Unlike other religious orders, the Benedictines for most of their existence have maintained a decentralized and highly autonomous structure. It was only in the last years of the nineteenth century, under the urging of Pope Leo XIII, that Benedictines began to organize themselves into a worldwide confederation of congregations. These different congregations constituted a network presided over by an abbot primate, whose role was largely to facilitate communication between individual Benedictine communities and their respective congregations. The diverse congregations that constituted the confederation were organized largely around linguistic or national lines, each with its own constitutions and customs, as well as an abbot president. Each congregation was established as autonomous in its governance, similar to the system of self-sufficiency and self-governance found in the individual monasteries.

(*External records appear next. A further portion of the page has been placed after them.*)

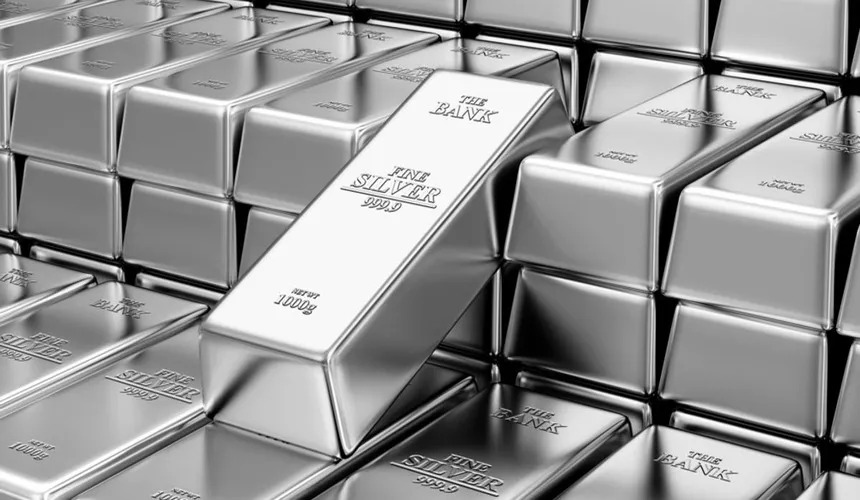 Silver Prices Today: Assessing the Path Toward $100 on COMEX and ₹3 Lakh on MCX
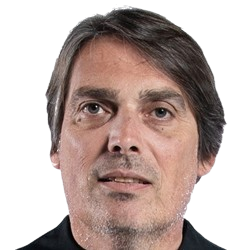 Javier Almarza photo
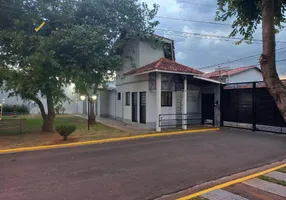 Foto 1 de Casa de Condomínio com 2 Quartos à venda, 64m² em Jardim Planalto, Salto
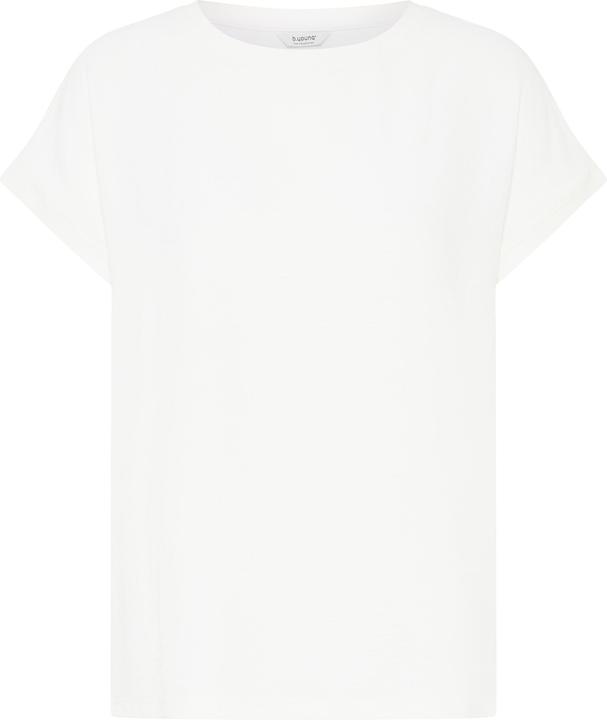 Produktbild B.young Bypanyax (S)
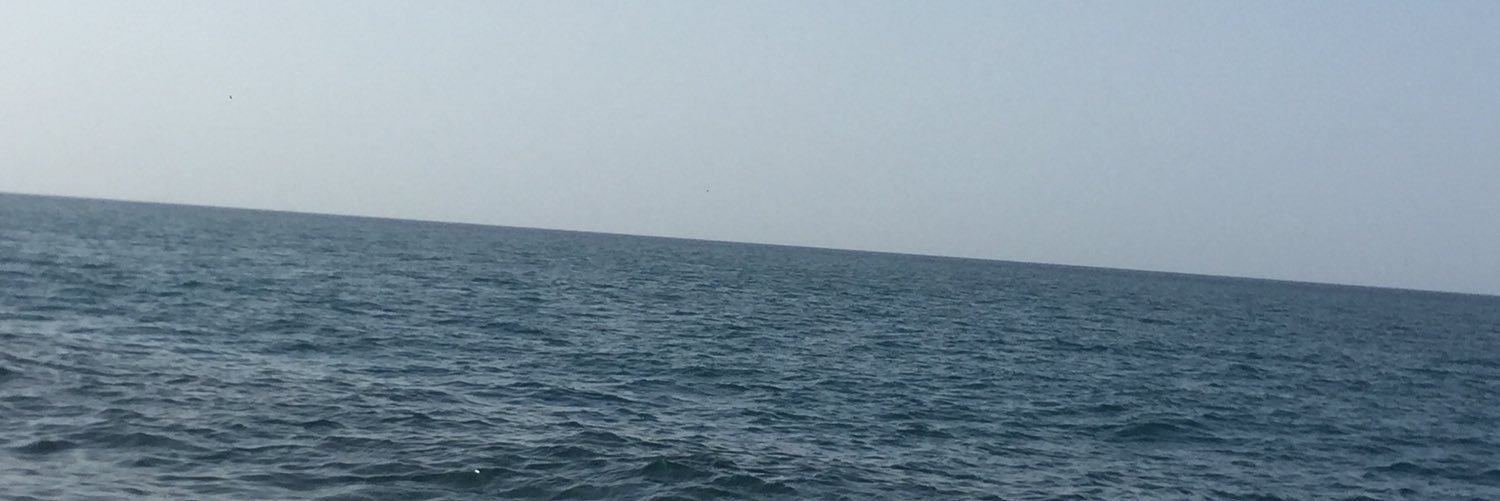 sama_jaz's profile banner image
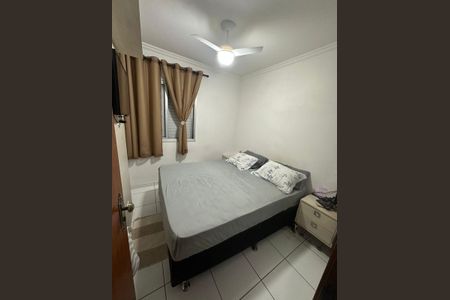 Apartamento à venda com 70m², 3 quartos e 1 vaga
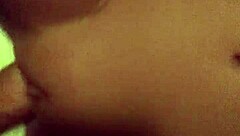 Intense cumshot pounding with hardcore fuck doll action!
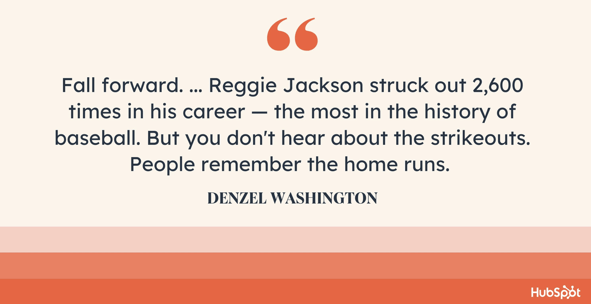 denzel.png?width=591&height=305&name=denzel - The 24 Best Motivational Speeches Our Employees Have Ever Heard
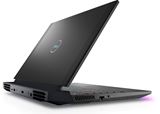 [Mới 100%] Dell Gaming G15 5520 2022 - Core™ i5-12500H/ 15.6 FHD 6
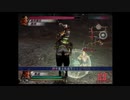 （PS2）真・三國無双３　猛将伝　修羅モード　プレイ動画64（第２部）　by　KANAN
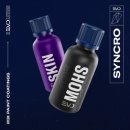 워시아지트 이미지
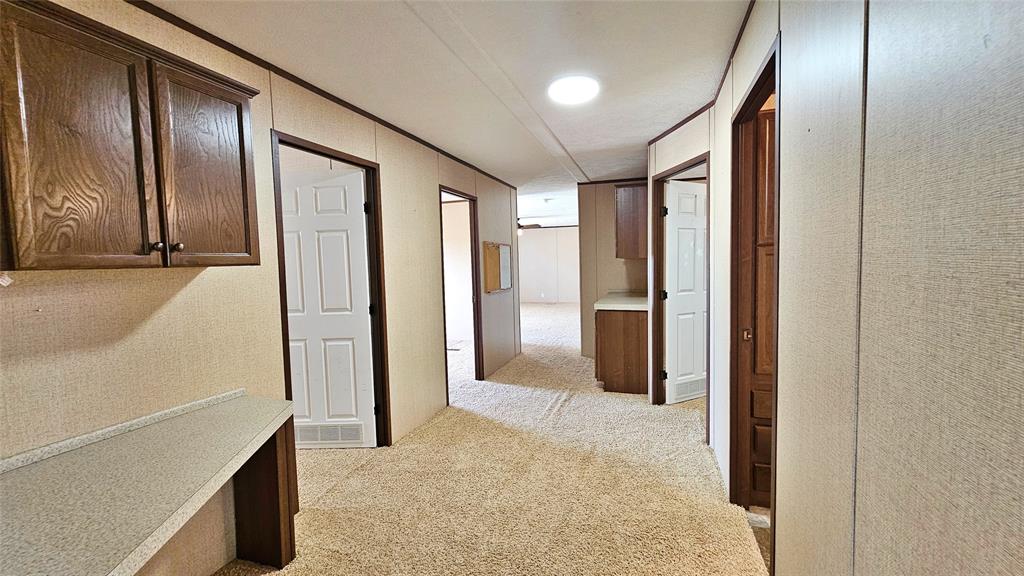 6818 Texas Highway 11 Property Photo 22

Those Benedictine houses designated by the title "abbey" are completely independent entities, whose superior is an abbot. Those designated as priories are generally foundations of a particular abbey that still maintain some link of financial or canonical dependence on the mother house. Their superiors are called priors. The term "archabbey" is a purely honorific title, used in the United States to designate the first two monasteries of the two major United States Benedictine congregations, Saint Vincent Archabbey and Saint Meinrad Archabbey respectively.

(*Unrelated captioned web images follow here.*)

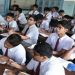 এবছর প্রাথমিকের বার্ষিক ও সমাপনী পরীক্ষা হচ্ছে না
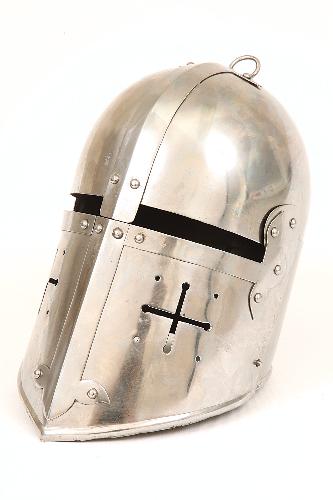 helma-z-obdobi-stredoveku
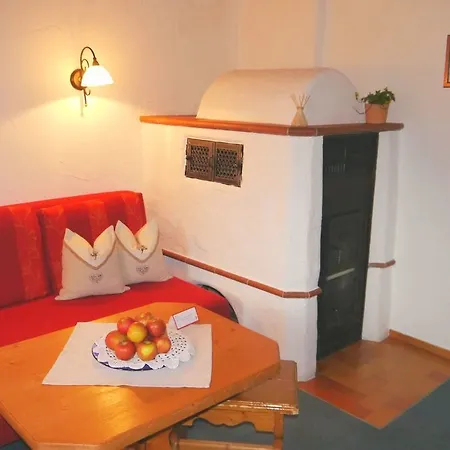 Vaya Achensee 4* אכנקירש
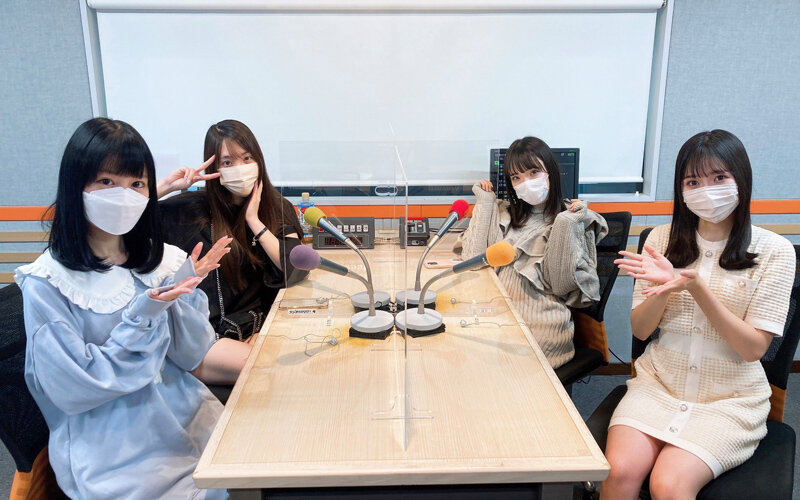 10/31のアニ☆ジュエル 　オープニングソングは「BLEACH」の「ALONES」です♪
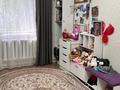 Жеке үй · 4 бөлме · 106 м² · 10 жүзд., Муканова 42, бағасы: 56 млн ₸ в Жезказгане — фото 36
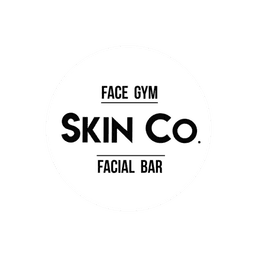 SkinCo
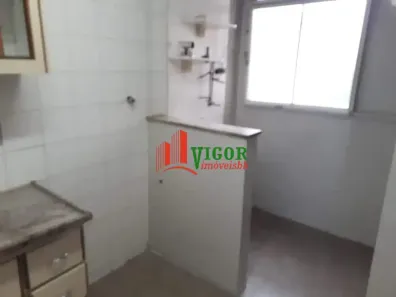Fazenda/Sítio com 2 Quartos à venda, 80m² no Rosana, Ribeirão das Neves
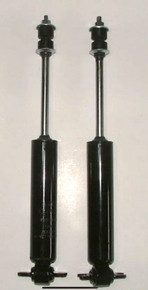 1959 1960 Cadillac Front  Shock Absorber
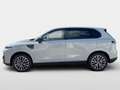 Leapmotor B10 DESIGN PROMAX Grau - thumbnail 6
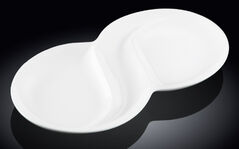 ��������� 31,5�� WL-992488 / A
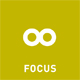 Q14: How does your office reflect your firm's value proposition?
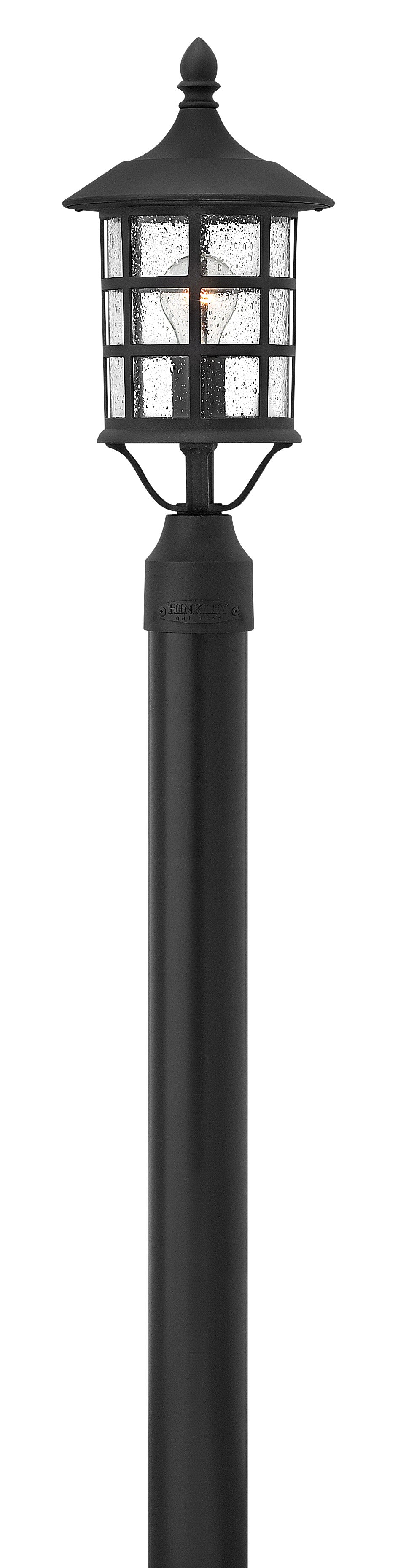 Outdoor Freeport - HINKLEY - 1807BK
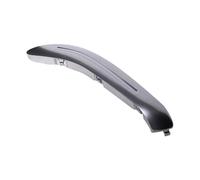 MRBVHGPKUT Maniglia della portiera auto Per F&ord Per Galaxy MK3 Per S-Max MK1 WA6 Bracciolo Porta Anteriore Maniglia Coperchio Inserto Lunetta 6M21-U24184 6M21-U24185 1475333(GIUSTO)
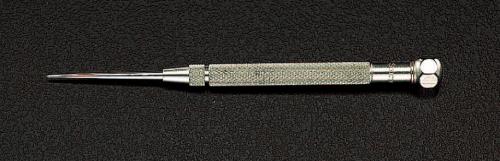 ESCO（エスコ） 100mm ポケット型けがき針 EA652CA
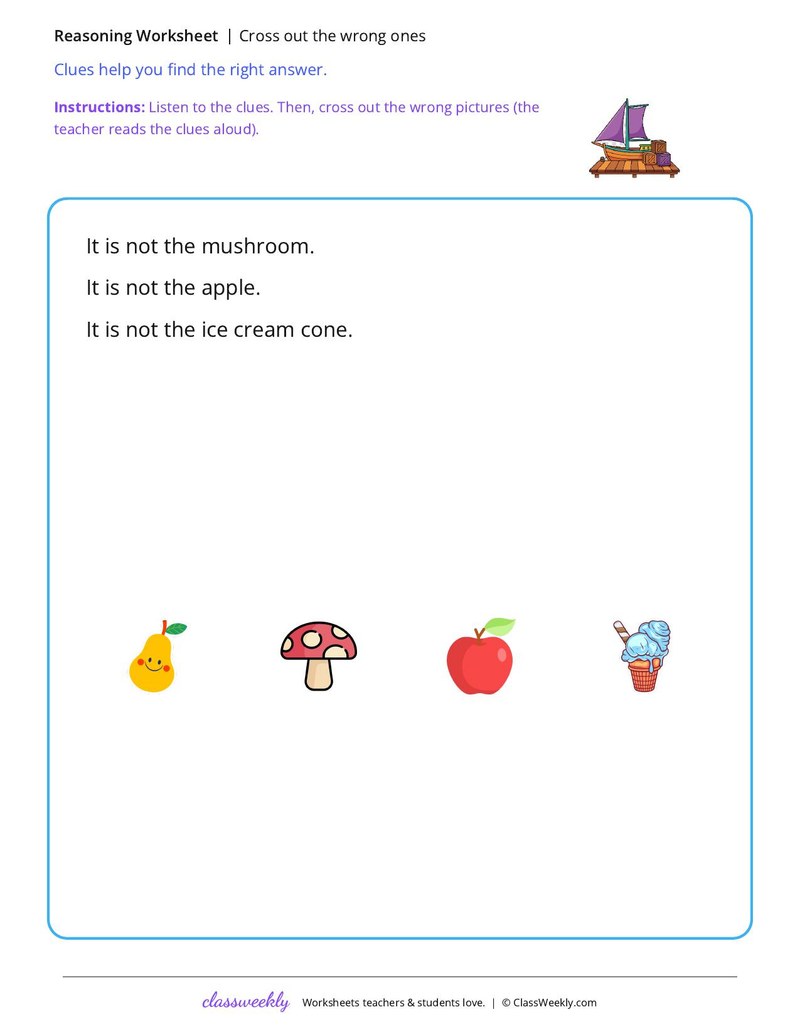 Set 6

The American Cassinese Congregation. The Benedictines came to the United States to serve the needs of the increasing tide of new German-speaking Catholic immigrants in the first half of the nineteenth century. American Catholic bishops, faced with the challenge of how to minister to this new population, sent requests for pastoral assistance to religious houses in Germany, Austria, and Switzerland.

These requests coincided with the emerging vision of a young Bavarian monk from the German abbey of Metten, Boniface Wimmer. Wimmer elaborated a plan to establish a permanent Benedictine community in the United States. Its main purposes were to be the sacramental care of the German-speaking Catholics and the education of immigrant children. Though he was initially discouraged from carrying out his plan by his abbot and other community members, Wimmer secured approval from Rome for the venture in 1845. In addition, he was able to receive financial aid from the Ludwig Missionsverein, a Munich immigrant aid society.

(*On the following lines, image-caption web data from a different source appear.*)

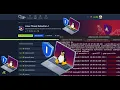 TryHackMe Linux Threat Detection 1 - Full Walkthrough 2025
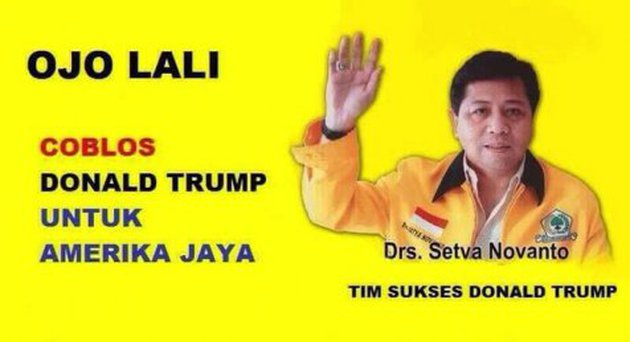 Detail Meme Lucu Novanto Nomer 26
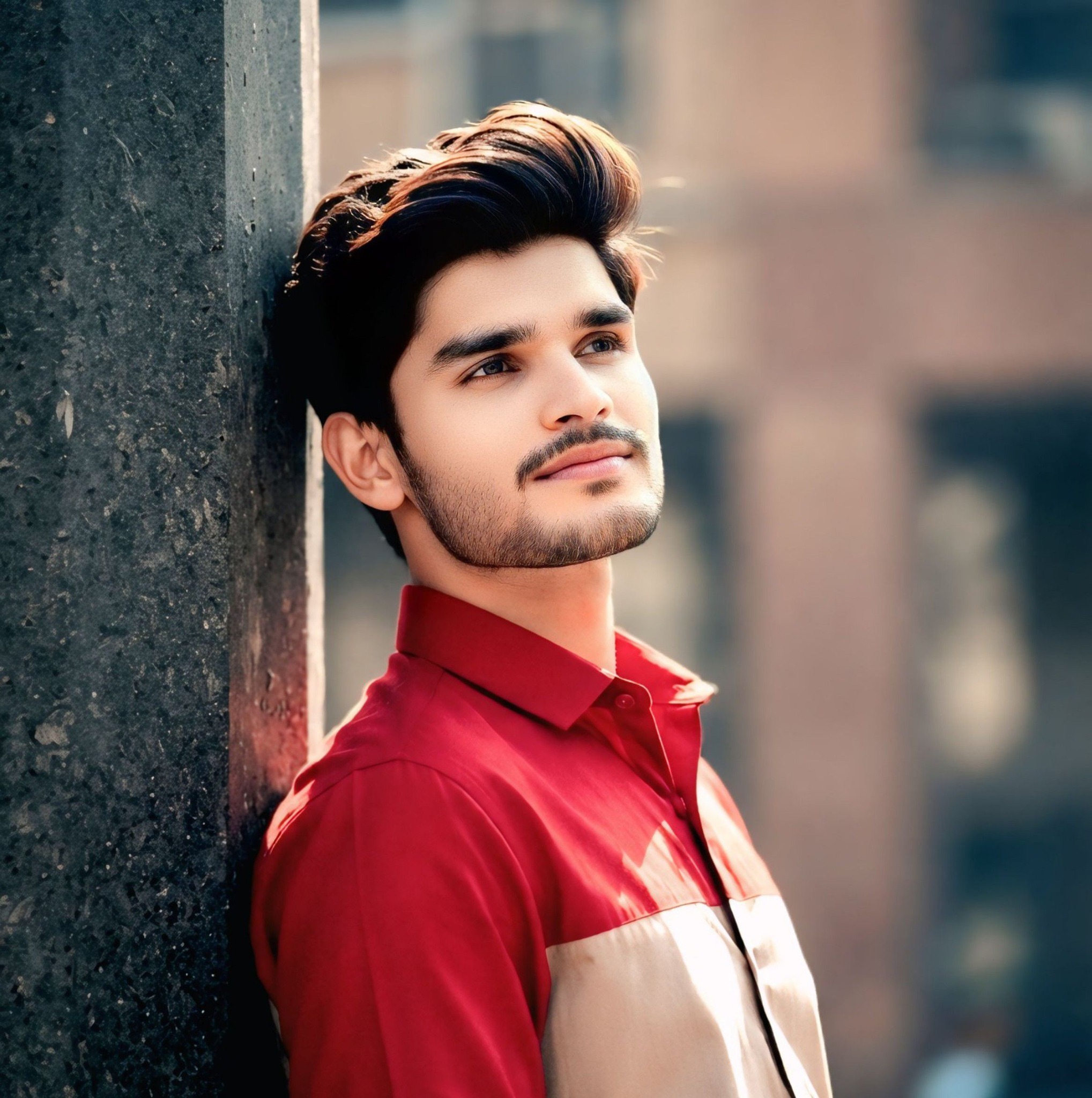 kamran-ali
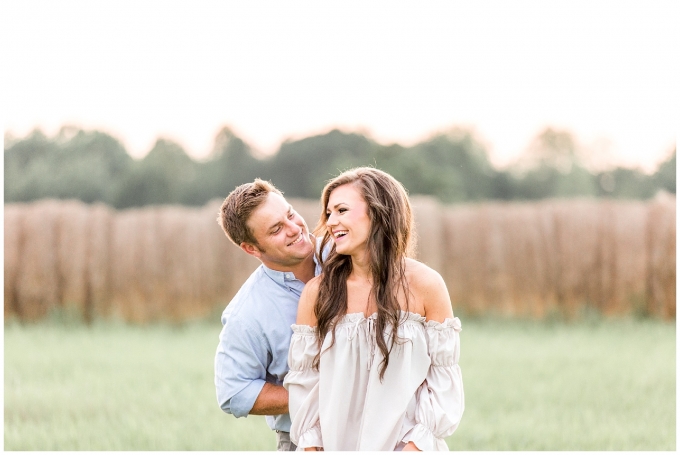 Oakland Farm Engagement Session-north carolina engagement session-tiffany l johnson photography_0051.jpg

Wimmer set out for North America in 1846. With him were 18 recruits, 14 lay brothers and four candidates for the priesthood, none of whom had any prior experience in Benedictine life. On arrival, the group went to Pennsylvania. After investigating several sites, Wimmer accepted an offer to take land near Latrobe, in the diocese of Pittsburgh. The first monastic community was given the title of Saint Vincent. Within a decade of its foundation, in 1855, it was recognized by the Holy See as an abbey and Boniface Wimmer became its first abbot. Wimmer also was designated as the first president of the newly established American Cassinese Congregation. "Cassinese" was the name of a nineteenth-century Italian reform congregation, deriving its name from the abbey of Monte Cassino in Italy, founded by Saint Benedict. The American congregation came into being as a direct result of other Benedictine communities that had been founded from Saint Vincent. Saint John's Abbey in Minnesota was founded in 1856. One year later, the monastery of Saint Benedict in Atchison, Kansas, was established.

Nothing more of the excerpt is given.